▶ [Task goal]: Starting at the line containing "Calantha | White Strappy Orthopedic Sandals" and ending at the line containing "Google dịch: cập", transcribe the listing below exactly. Keep both end lines, skip the pictures, and copy nothing else.

▶ [Listed records]:

<<<<

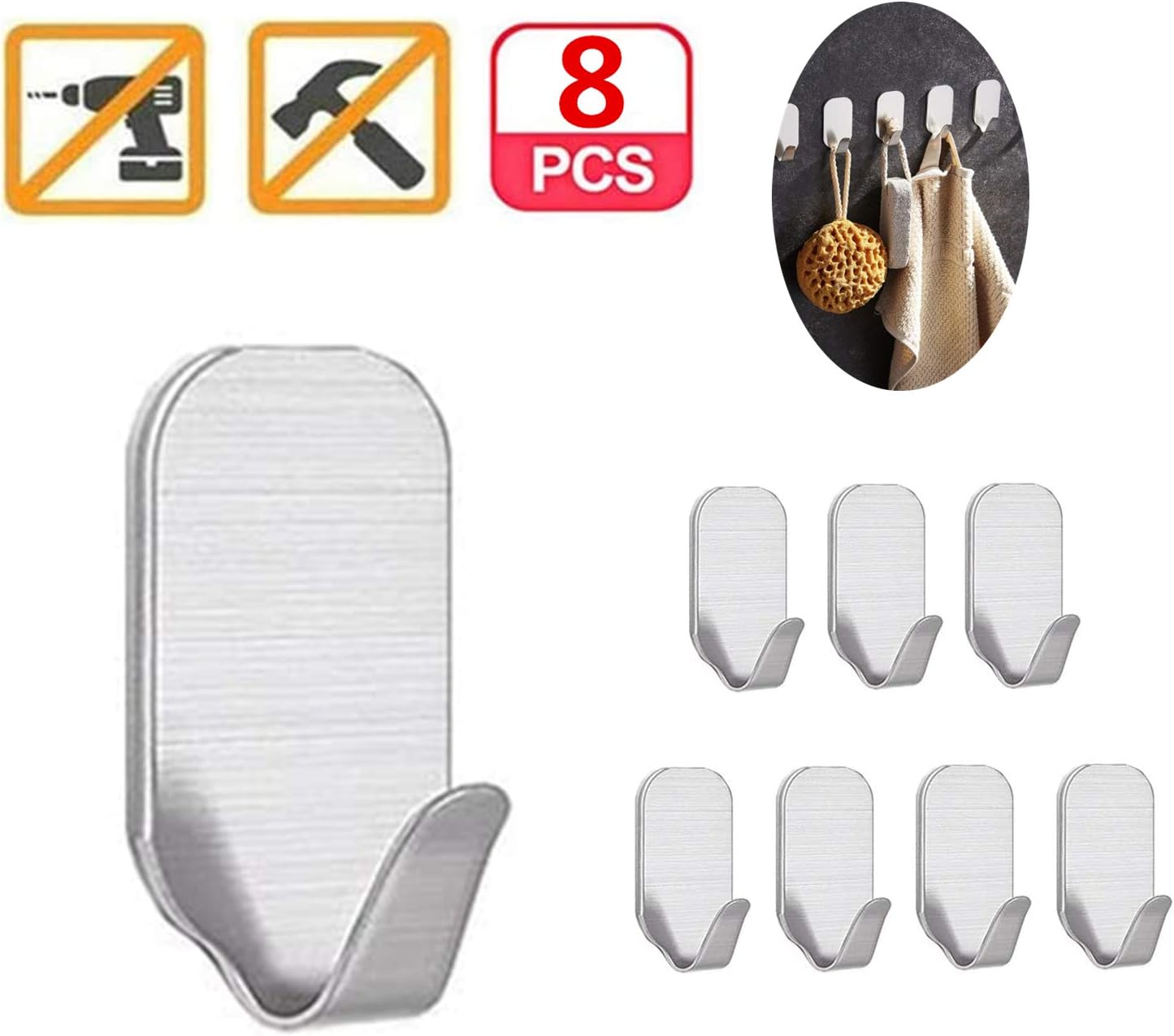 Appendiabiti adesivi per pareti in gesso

>>>>
<<<<

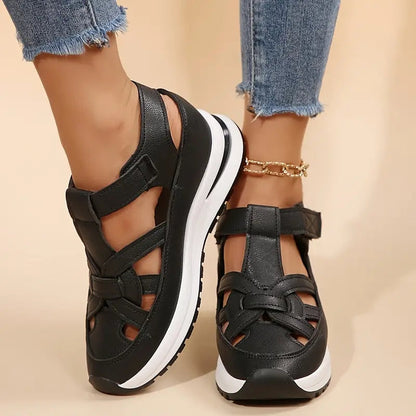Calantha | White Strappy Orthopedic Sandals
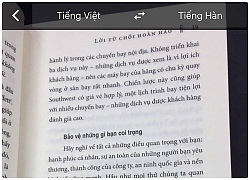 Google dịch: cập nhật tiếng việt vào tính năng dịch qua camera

>>>>

▶ [Result of the task]:
Calantha | White Strappy Orthopedic Sandals
 Google dịch: cập nhật tiếng việt vào tính năng dịch qua camera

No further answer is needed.